Problem details: Give back exactly the lines starting at the one with "Prodej, Byt 3+1, České Budějovice" and ending at the last line of the data below. Pictures are not part of the copy.

Dataset excerpts:
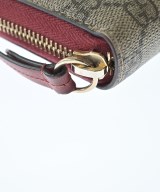 GUCCI（グッチ）財布・コインケース グレー サイズ:- レディース/2200698939516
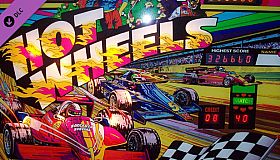 Zaccaria Pinball - Hot Wheels Table
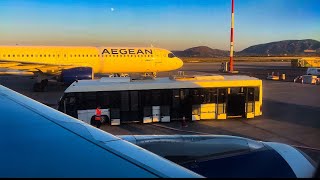 Athens Airport International Arrival [upl. by Dniren]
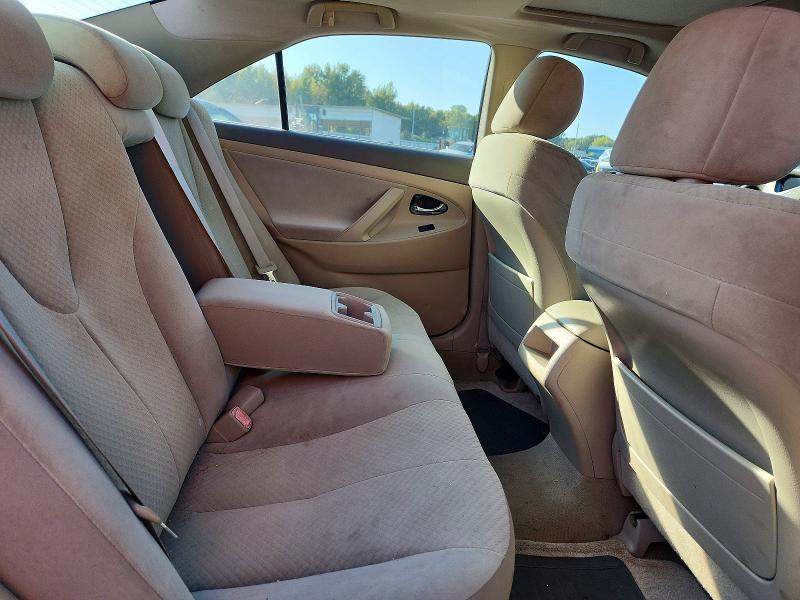 Photo 10 from auction – 2009 TOYOTA CAMRY with VIN 4T4BE46K49R081568
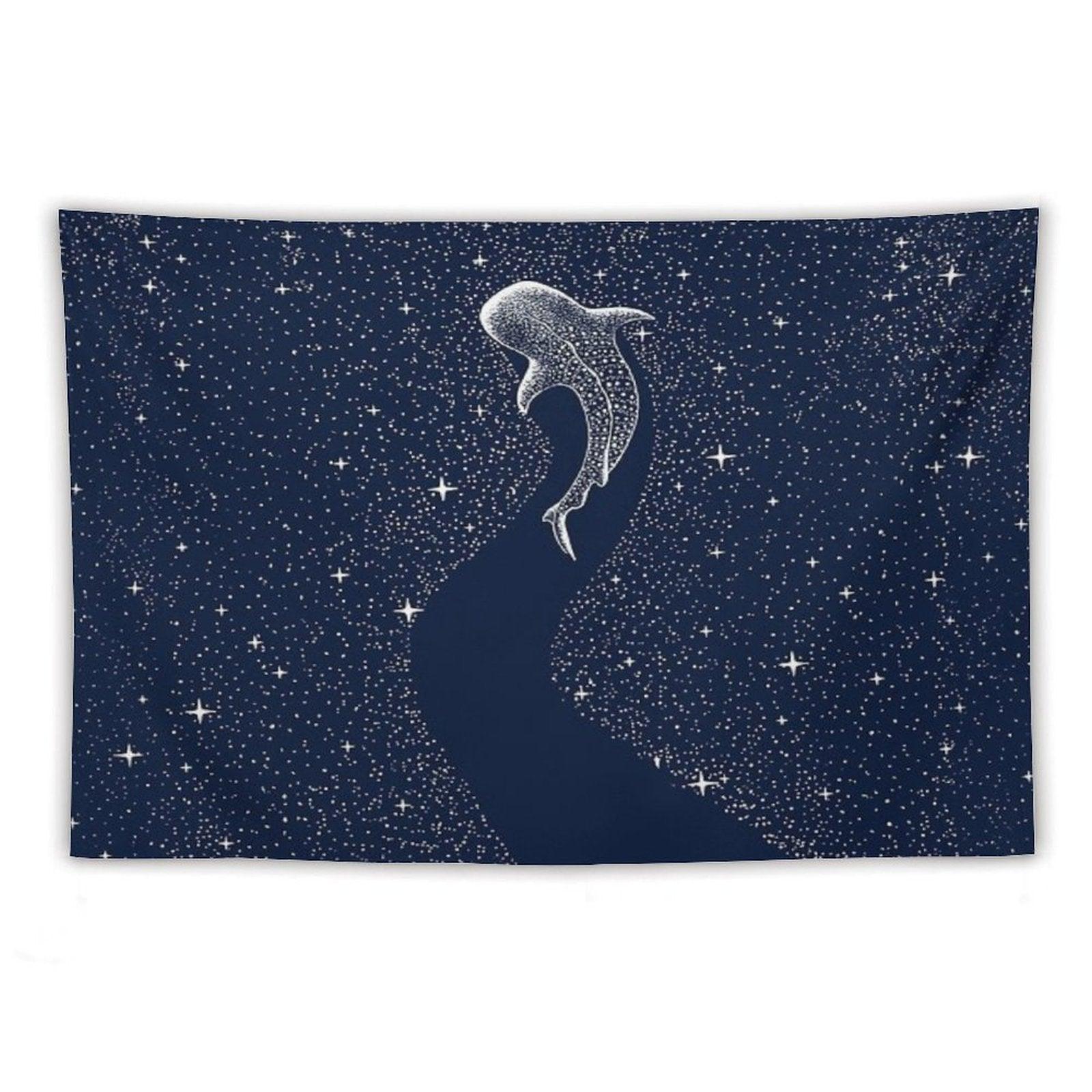 Star Eater Tapestry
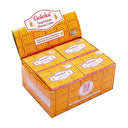 Goloka Wierook Kegel Dhoop Nag Champa 12 Doosjes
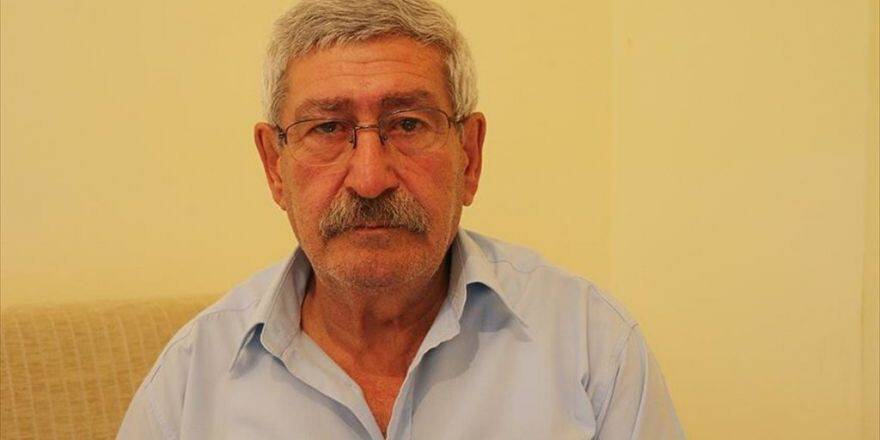 'Ak Parti’yi Daha Samimi Bulduğum İçin Üye Olacağım'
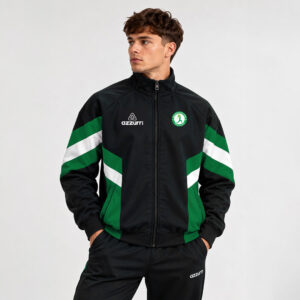 Weightlifting Ireland Retro Tracksuit Jacket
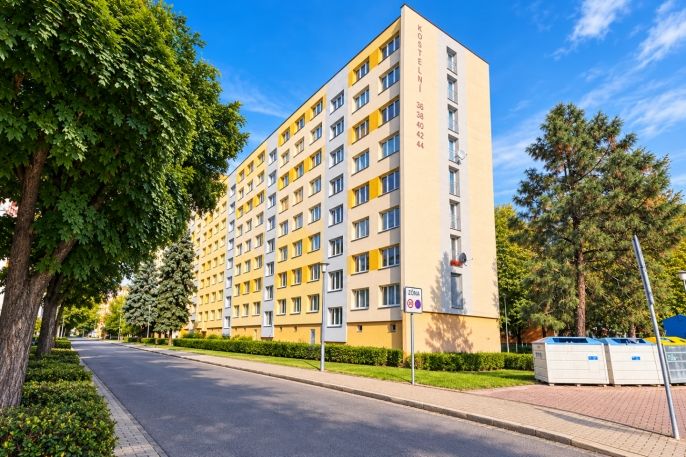 Prodej, Byt 3+1, České Budějovice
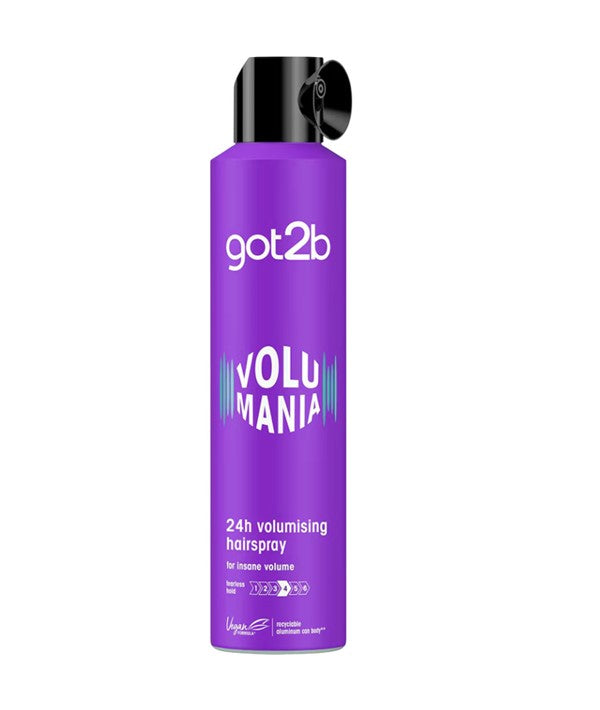 Schwarzkopf  Got2b Volumania 24H Volumising Spray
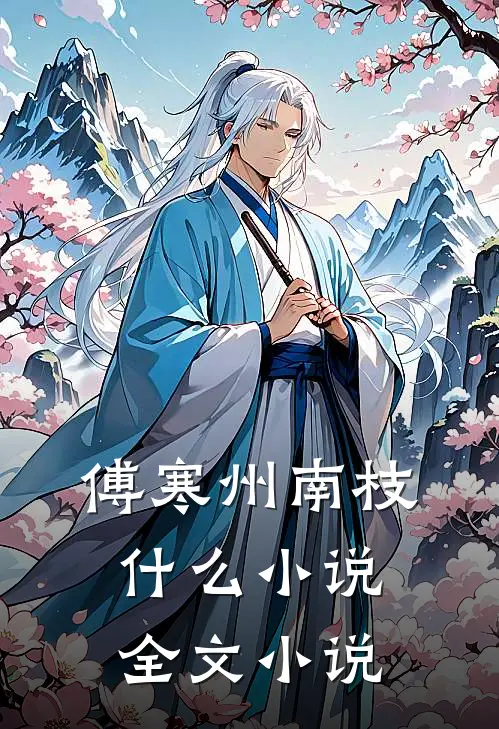 傅寒州南枝 什么小说全文小说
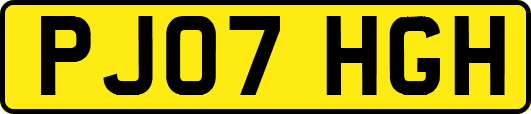 PJ07HGH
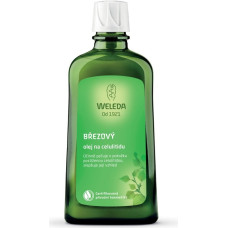 Weleda Birke Cellulite Oil W 200ml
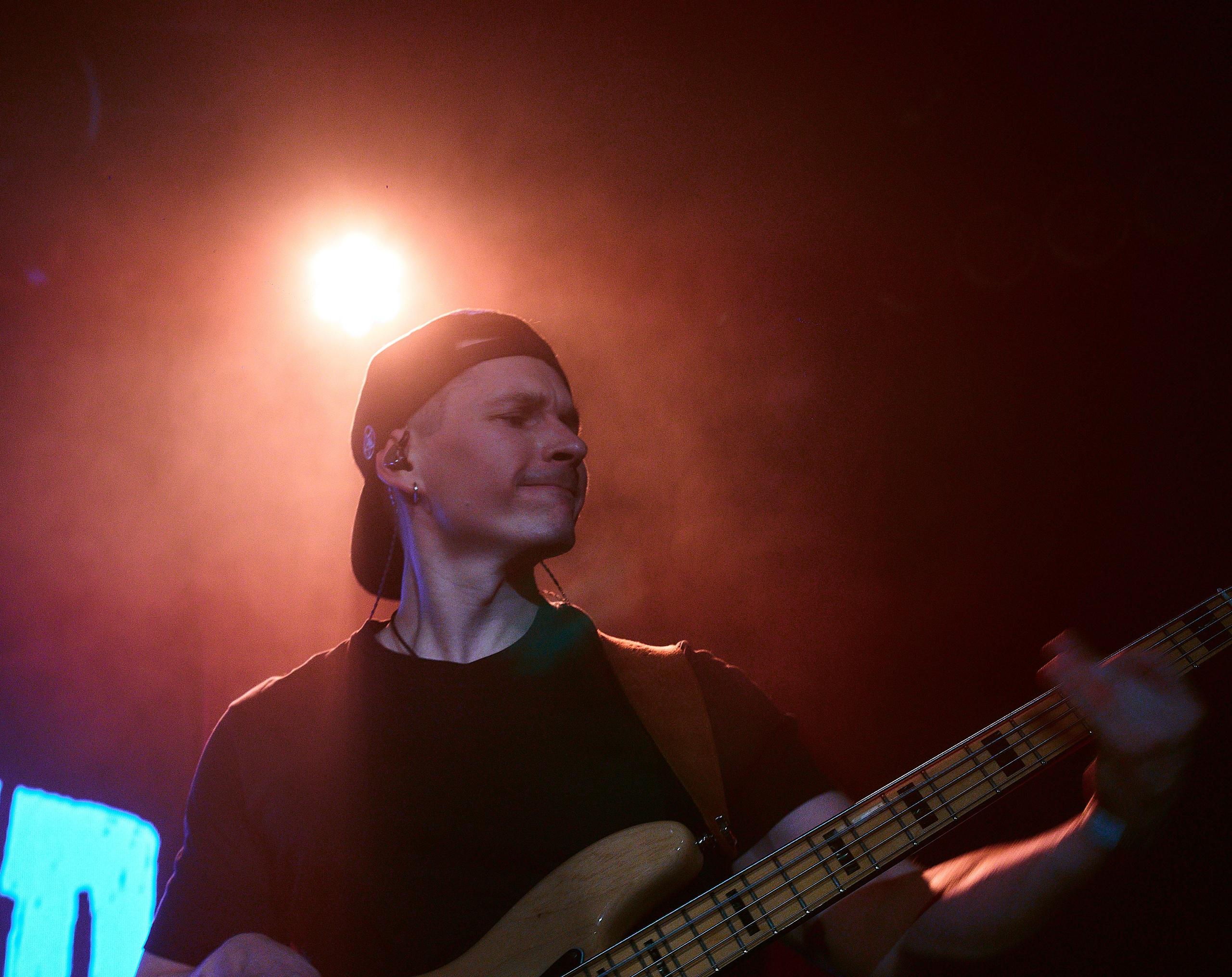 ТАБАСКО БЭНД — 16 ТОНН. Фотография для артистов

Answer area:
 Prodej, Byt 3+1, České Budějovice
 Schwarzkopf  Got2b Volumania 24H Volumising Spray
 傅寒州南枝 什么小说全文小说
 PJ07HGH
 Weleda Birke Cellulite Oil W 200ml
 ТАБАСКО БЭНД — 16 ТОНН. Фотография для артистов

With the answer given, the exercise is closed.